So the conference I’ve been looking forward to for about a year now has drawn to a close and the daily commute on the Underground has turned back into a bike ride into Sheffield. Time then to reflect back on my impressions.
My first comment would have to be how incredibly well organised everything was; from the initial call for papers, right through to the final session. Every last ‘i’ was dotted and ‘t’ crossed. Simple things like having printed 5 and 2 minute warning cards for session moderators gives some idea of the attention to detail – lots of useful tips for me as I organise our doctoral conference for later this year. The conference team, in conjunction with the local hosts are due a great deal of praise here. That said, the atmosphere was incredibly friendly and inclusive; you always felt as though you could approach anyone and talk about anything.

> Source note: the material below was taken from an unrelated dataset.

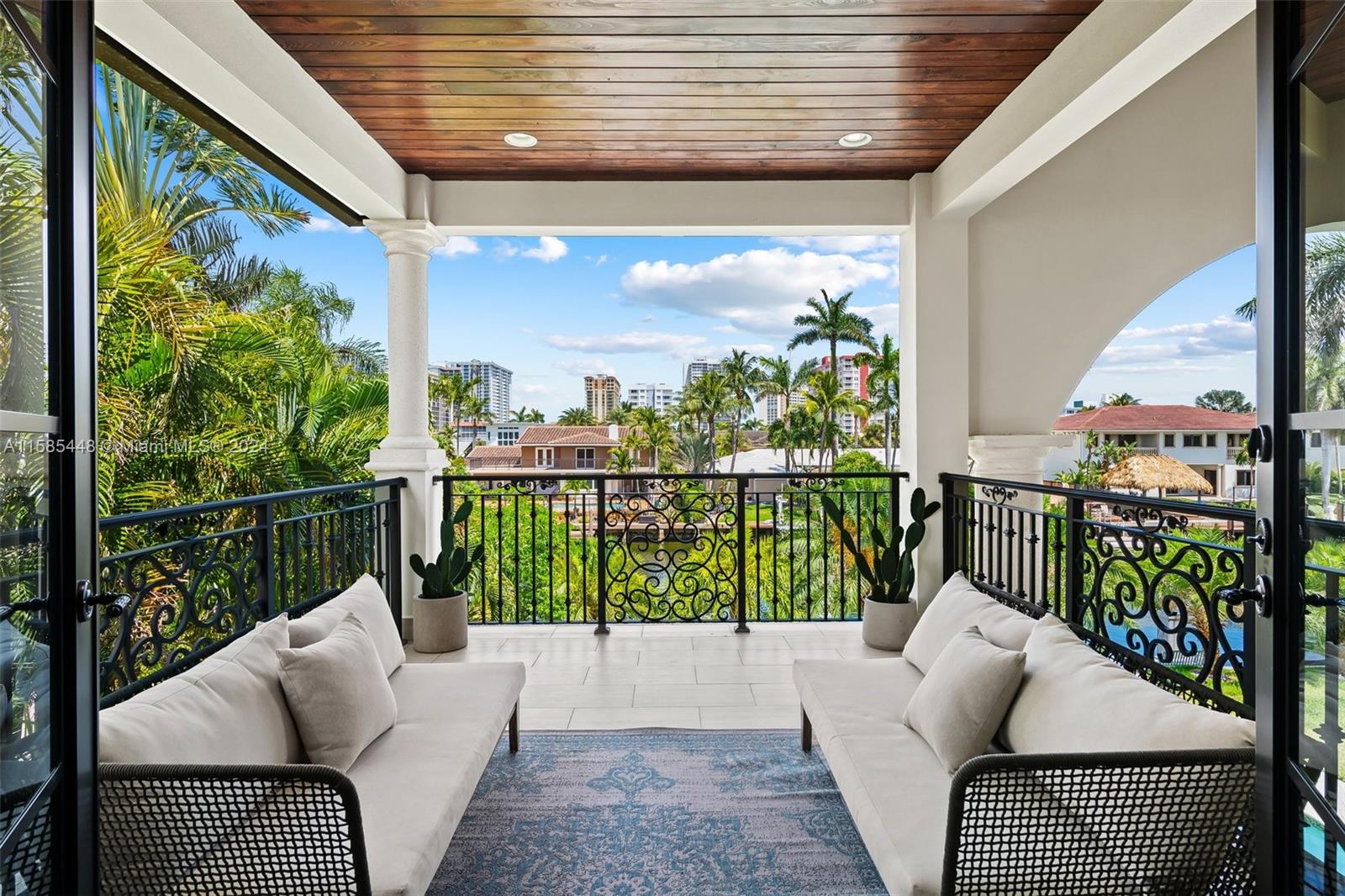 Picture of 631 Hibiscus Dr, Hallandale Beach FL 33009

I felt the structure and content worked well. Although in a couple of sessions, I found it difficult to choose an appropriate theme and perhaps didn’t always get it right, within each session there would nevertheless be one or two of the papers which provided unanticipated gems. I was grateful for the opportunity to listen to some of the foremost academics in the field and hadn’t appreciated precisely how accessible they are at events like these. I did get the sense that I attended more sessions that presented work built on quantitative methods, but that could doubtless be down to the choices I made, rather than a reflection of the overall spread. It struck me how much research into social media seems to use survey methods as the primary instrument, or of course SNA. Given the nature of the medium, it’s easy to see why that is, though each further study I listened to where a survey had been used left me wondering why digital ethnographic techniques aren’t used more.

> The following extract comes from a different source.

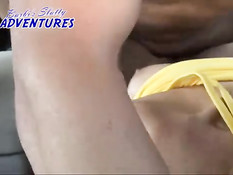 Сисястая блондинка Barbi Sinclair отсасывает и ебётся в автомобиле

Maybe it’s my age, but I found the days quite exhausting; from 8.30 through to 5.00 (longer on the poster day) whilst trying to keep your mind sharp proved quite fatiguing. For me, I think it was the sheer rate of metal processing needed to maintain focus in sessions where four presentations followed in rapid succession. Even during break times you invariably had to stay sharp as you discussed previous or forthcoming sessions with fellow attendees, or indeed your work or theirs. In many of the talks presenters talked incredibly quickly, attempting to squeeze in as much detail as possible, thus requiring you to maintain an incredibly high level of focus. I’m sure that on some occasions I failed, as I hurriedly tried to capture a few notes, and keep up with the barrage of fresh information. In part this was down to the brevity of the allocated time slots, but then if the number of sessions were reduced, fewer people would have the opportunity to present. I guess I just felt it was a shame that those who were presenting ‘work in progress’ and seeking feedback, had a scant couple of minutes in which to receive it; one question at best. Not an easy one to resolve, but it’s encouraged me to think carefully about how I might structure the messages I wish to convey in sessions I deliver. If I’m only given 20 minutes in total and I really want some feedback, then I need to think carefully how I divide up the time.
Presenting certainly occupied my mind in more ways than one. Now that data from my pilot has started to come in, I’ve started thinking of possible places I might present my findings. The SM&Society conference would have certainly been an option had it been somewhat later, but what other forums might also be appropriate? Clearly those which have themes dedicated to professional development or professional learning. Possibly digital methods? Social media? Or could I make a case for more general sociological events? So in addition to all the other benefits I’ve enjoyed at the Conference, it’s also encouraged me to consider exactly where my research is positioned.
I’d love to be going to Toronto next year, but I’m afraid the pockets are unlikely to be that deep.